For Youth and By Youth: Re-Imagining Financing for Peacebuilding
This paper presents some of the key challenges that young peacebuilders face in acquiring financial support for their work, and offers an alternative approach to address these challenges and to re-imagine current funding mechanisms towards participatory grant-making approaches that are created for young peacebuilders and run by young peacebuilders.
It serves as a resource for the international community to engage with learning on participatory grantmaking that has proven to be a successful and impactful practice to support local ownership and leadership of young local peacebuilders.
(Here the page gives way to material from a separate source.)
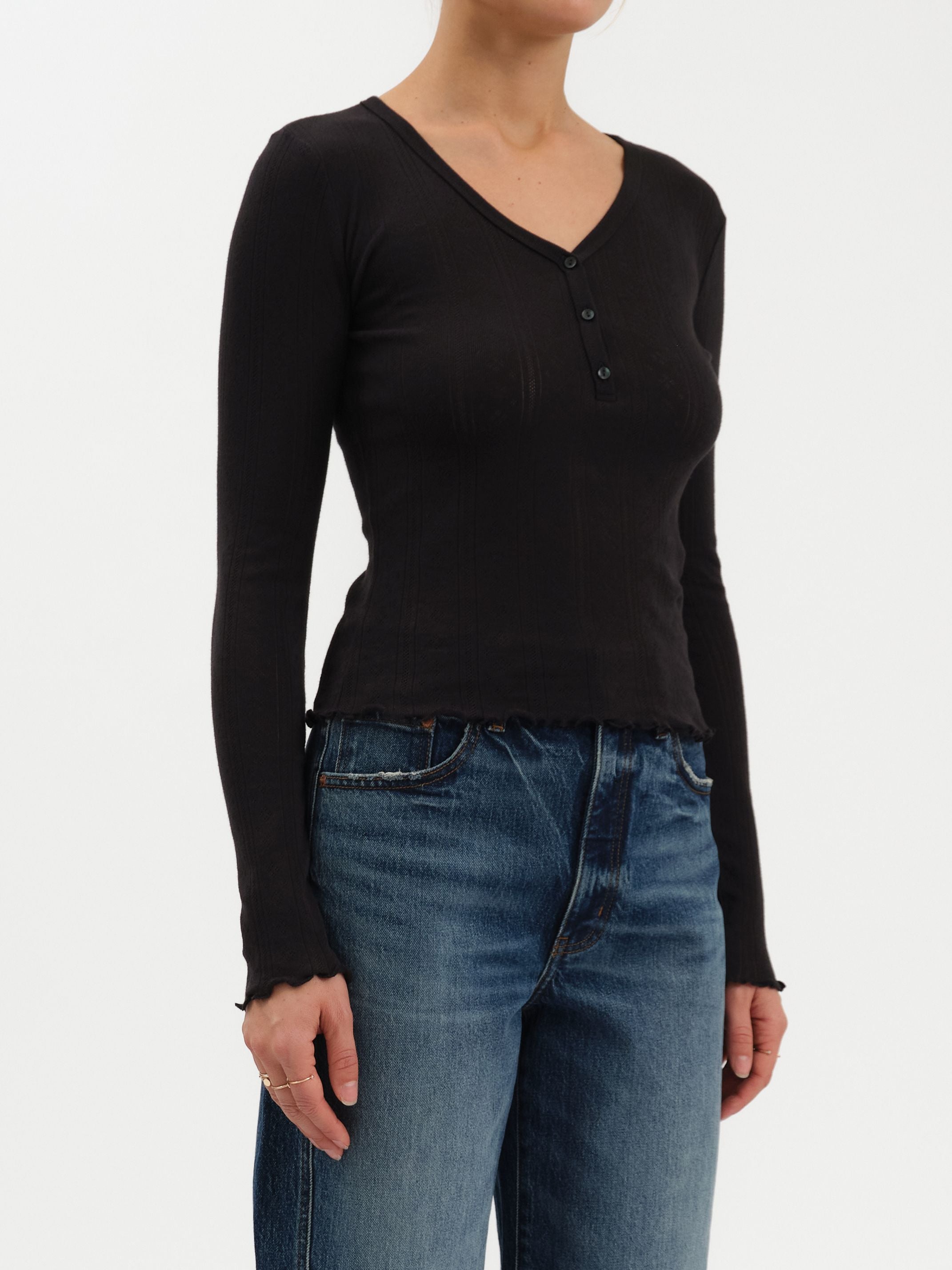 BUNNY EVERYDAY DAZE V-NECK L/S POINTELLE HENLEY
The paper builds on the learnings of the GPPAC Small Grants Scheme founded in 2018 by the network's Youth Peace and Security (YPS) Working Group. Beyond providing support for innovative ideas of young peacebuilders across the network by alleviating administrative hurdles, this funding scheme was uniquely designed based on a Youth-by-Youth Approach, meaning young people were in the lead of designing and allocating the small grants to their peers. The adopted approach prioritises the ownership of youth and amplifies the capacities of the recipients.
The Small Grants Scheme is built on three principles:
- The principle of participatory grant-making is employed to ensure that young peacebuilders, who are the most affected by fund disbursement, are granted decision-making power.
- The principle of authentic partnership seeks to reduce the risk of perpetuating a top-down approach to identifying priorities by utilising local knowledge and supporting capacity building and knowledge exchange.
- The principle of holistic support provision emphasises support beyond money and encourages the process of co-creation and capacity building between the donor and the grantee and mutual responsibility of outcomes.